I will give a list of breeders that I know of in the U.S. and Canada and hopefully, others will add to this list. I have not researched all of these breeders so it is up to potential adopters to make sure these breeders are health testing their dogs, etc. I do not want to make this post about good or bad breeders just a starting point for people who are searching for a poodle and prefer an undocked tail.

Standard Poodles

Autumn Shades - Southern Ohio (reds, apricots and blacks)
Sonne Poodles - Canton, Ohio(reds, apricots, creams and black) 
Odessy Poodles - Columbus, Ohio (reds and parti's)
Paris Poodles - Canada (various)
Silken Poodles - Canada (reds)
Harmony Mountain Poodles (?)
Glick Poodles - (?)
Tiara - California (some litters undocked)

Minature Poodles

Enchantment Poodles - Canada (blacks, silvers, creams)
Glow Poodles - Canada (cream and silver)
Karbit Poodles - U.S. (blacks, apricots and reds) minis and moyens

Toy Poodles

Enchantment Poodles - Canada (silvers and creams)


I hope this thread will be helpful and please add to this list.
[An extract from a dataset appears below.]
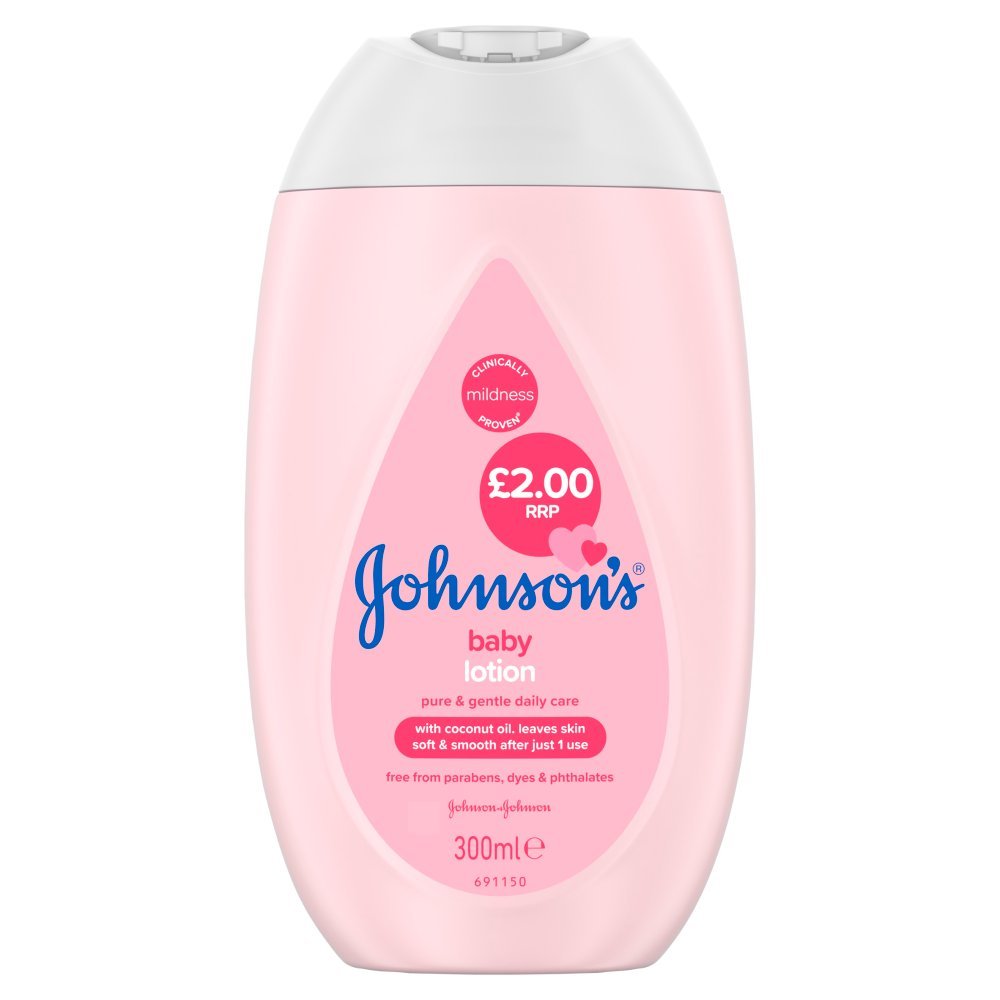 Johnsons Baby Lotion 300ml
If any of my information is incorrect please correct me.

Another option is to ask breeders who customarily dock to leave a puppy undocked, I have found most breeders are willing to do this if you pay for your puppy in full and choose your puppy at a couple days old. They may be more willing to do this if you are looking for a male puppy as many breeders want to keep a female for their breeding program.

I believe if you are willing to put in the research, possibly travel a little distance and willing to wait you can get the puppy of your dreams with everything you are looking for.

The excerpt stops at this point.